A capacidade de manter o controle sobre as pessoas em quase qualquer hora também pode ser perigosa para os soldados que desconfiam de suas namoradas ou cônjuges. “Fica muito fácil perguntar a um amigo: O que ela fez na noite passada?”, disse Billy Moody. “Eles podem te dizer uma coisa, ela diz outra e a coisa toda vira um drama”.



Kyle Schulz, por exemplo, descobriu por celular que sua namorada estava vendo outro homem. A notícia causou uma confusão emocional – até que ele retomou seu relacionamento com uma antiga namorada por celular e Facebook. Mais tarde, eles discutiram casamento, também pelo Facebook, até que a relação também acabou.


“De certa forma, eu acho que tive comunicação demais”, disse Schulz, 22 anos. “Quanto mais eu sei sobre o que está acontecendo em casa, menos eu me concentro aqui. E isso pode me machucar ou machucar outras pessoas”.


Suicídio

Em casos extremos, o fim de relacionamentos em telefones celulares ou no Facebook levou soldados à terapia contra suicídio, ou pior. Em um caso envolvendo um batalhão diferente, um soldado no Iraque se suicidou em 2009 depois de passar horas rastreando os movimentos de sua namorada e depois discutir com ela e sua irmã pelo celular e MySpace. Meia hora depois de o soldado Chancellor Keesling se matar, sua namorada lhe enviou um email pedindo para fazer as pazes.
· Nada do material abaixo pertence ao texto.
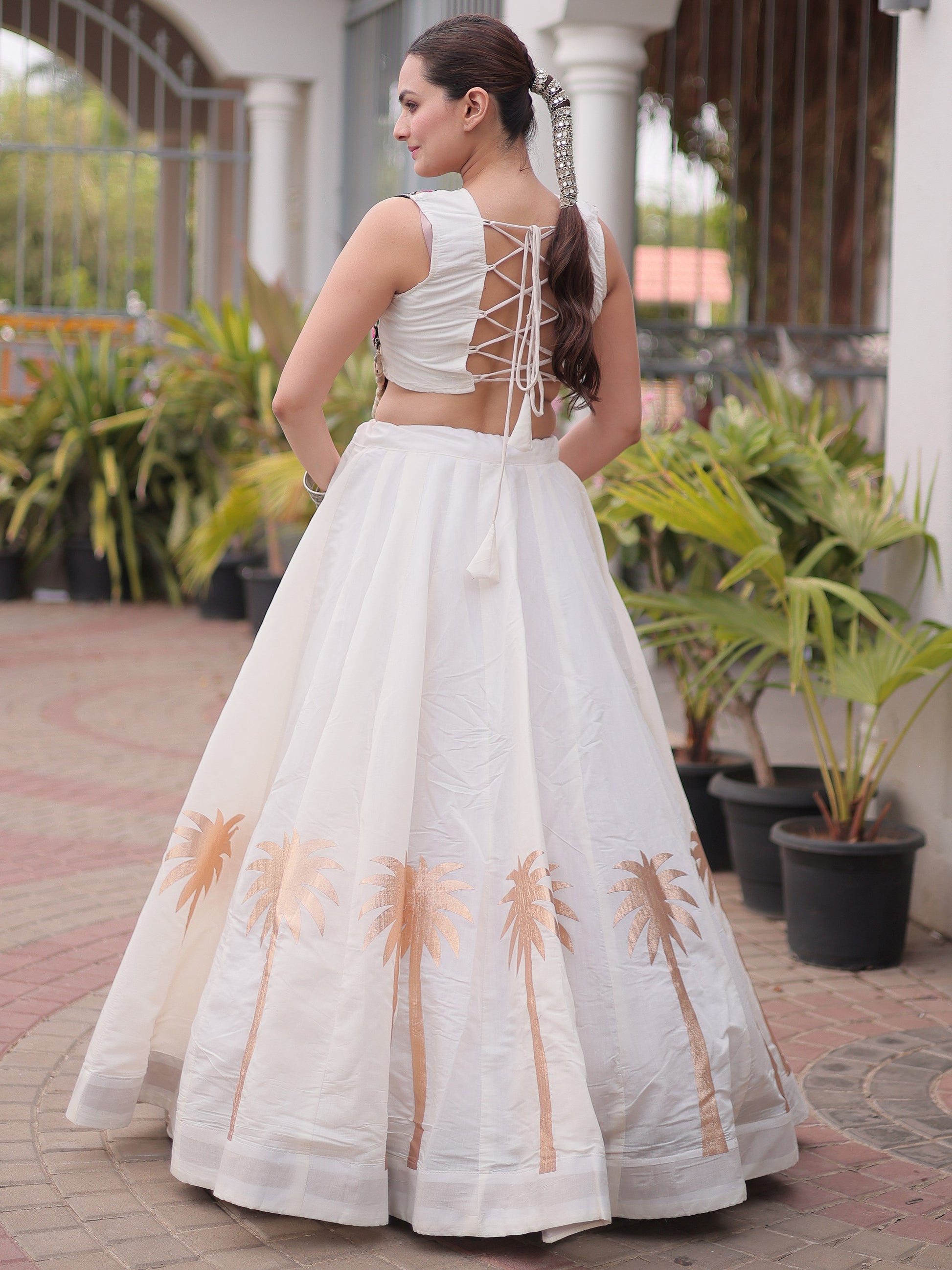 Sparkling White Gamthi Work Silk Navratri Wear Lehenga Choli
“Chance sabia exatamente com quem sua namorada tinha saído e onde ela estava”, disse o pai, Gregg Keesling. “Ela parou de aceitar suas ligações e isso é o que realmente o deixou louco”.


Em Kunduz, o capelão do batalhão, o capitão Tony Hampton, disse que muitas vezes aconselha os soldados a desligar o celular e ficar longe dos computadores, principalmente quando há muitas tensões com os entes queridos. Tire algum tempo para pensar, ele aconselha. Escreva uma carta.


Ele duvida que alguém escute. “O acesso é muito fácil para eles e eles simplesmente não conseguem deixar isso de lado”, disse ele. “Esta é a geração das microondas. Eles precisam disso, e precisam agora”.